Kamis, 20 Februari 2014

Taniran adalah salah satu kampung besar di bagian Utara Kandangan. Saat ini, secara administratif kampung Taniran terbagi menjadi dua desa, yaitu Desa Taniran Kubah dan Desa Taniran Selatan. Di Desa Taniran Kubahlah terletak makam keramat Datu Taniran, lebih kurang 8 km dari kota Kandangan.

Masyarakat kampung Taniran sudah lama dikenal religius, paling tidak sejak akhir abad ke-18. Saya punya bukti bahwa sebelum kedatangan Datu Taniran, masyarakat kampung ini sudah dididik oleh Sayyid Hasan bin Hasyim Assegaf, yaitu ayahnya Sayyid Abu Bakr yang dikenal sebagai Habib Lumpangi di Kecamatan Loksado Kabupaten Hulu Sungai Selatan. Sayyid Hasan ini diperkirakan berdomisili di kampung Taniran sekitar pergantian abad ke-18 dan 19 M, atau beriringan dengan masa-masa terakhir kehidupan Datu Kalampayan. Makam Sayyid Hasan sekarang dapat diziarahi di Desa Taniran Kubah sekitar 1 km lebih ke dalam daripada makam Datu Taniran.

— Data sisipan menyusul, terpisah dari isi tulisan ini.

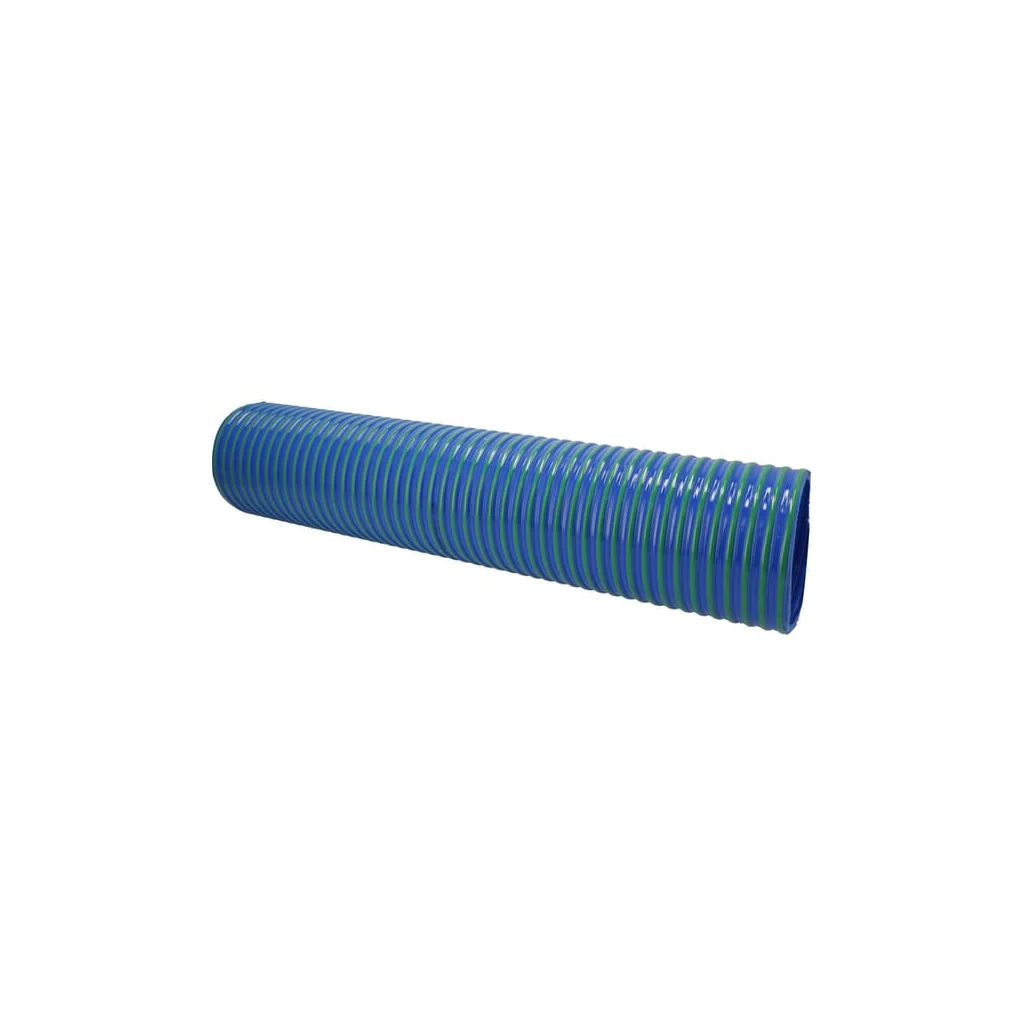 Furtun vidanjă din PVC albastru/verde 8" 10m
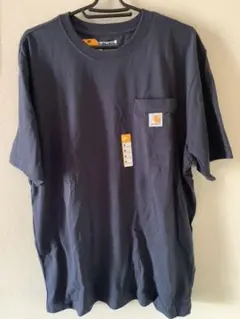 【新品未使用】正規品 Carhartt カーハートポケットTシャツ 紺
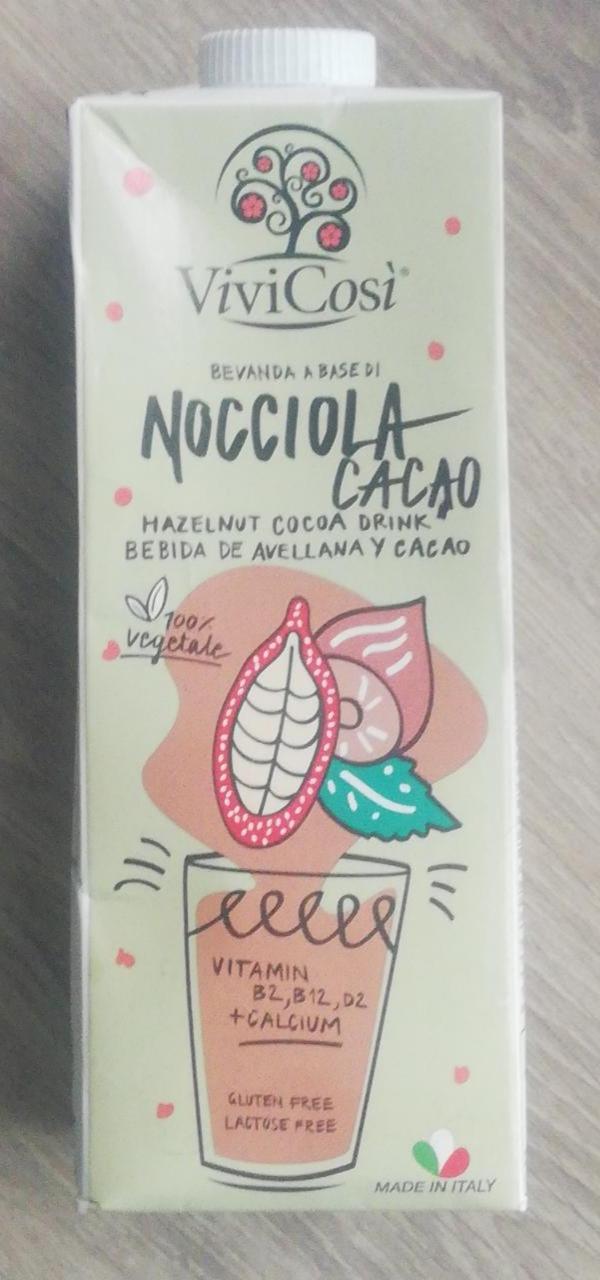 Fotografie - Nocciola cacao ViviCosì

Adapun Datu Taniran, nama beliau adalah Tuan Guru Haji Muhammad Thaib alias Haji Sa’duddin bin Mufti Haji Muhammad As’ad bin Syarifah binti Syekh Muhammad Arsyad al-Banjari. Beliau dilahirkan di Dalam Pagar, Martapura, pada tahun 1774, dan meninggal pada 1858 di Taniran Kubah. Di dalam Manaqib Datu Taniran disebutkan bahwa beliau sempat bertemu langsung dengan Datu Kalampayan. Sejak usia 25 tahun, Datu Taniran sudah dikirim ke Haramain untuk belajar agama selama 10 tahun. Namun, beliau banyak berguru kepada ayah beliau sendiri dan juga kakak-kakak beliau, di samping tidak ketinggalan pula saudara beliau seperti Datu Pagatan dan Datu Balimau.

Menurut catatan sejarah, Datu Taniran berkhidmat sekitar 45 tahun di Kampung Taniran. Masa pengkhidmatan beliau itu merupakan era kejayaan religius Kesultanan Banjar, yakni bertepatan dengan masa pemerintahan Sultan Adam al-Watsiq Billah antara 1825-1857 M. Seperti diketahui dari catatan sejarah Kesultanan Banjar, di masa Sultan Adam inilah terwujudnya Undang-Undang Syariat Islam yang dikenal dengan sebutan Undang-Undang Sultan Adam. Di masa ini, penjajahan Belanda boleh dikatakan belum terjadi di Negeri Banjar, karena secara de facto Belanda baru berkuasa setelah mangkatnya Sultan Adam beriringan dengan menjelang wafatnya Datu Taniran.

Oleh: Ahmad Harisuddin

Jika anda berwisata ke bumi antaludin, maka mampirlah di makam Al Allamah Syekh H. Sa’dudin (H.M Thayib) di Taniran Kecamatan angkinang yang jaraknya ± 8 km dari kota Kandangan. Beliau merupakan buyut dari pengarang kitab Sabilal Muhtadin, Datu Kelampayan Syekh Maulana H.Muhammad Arsyad Al Banjari.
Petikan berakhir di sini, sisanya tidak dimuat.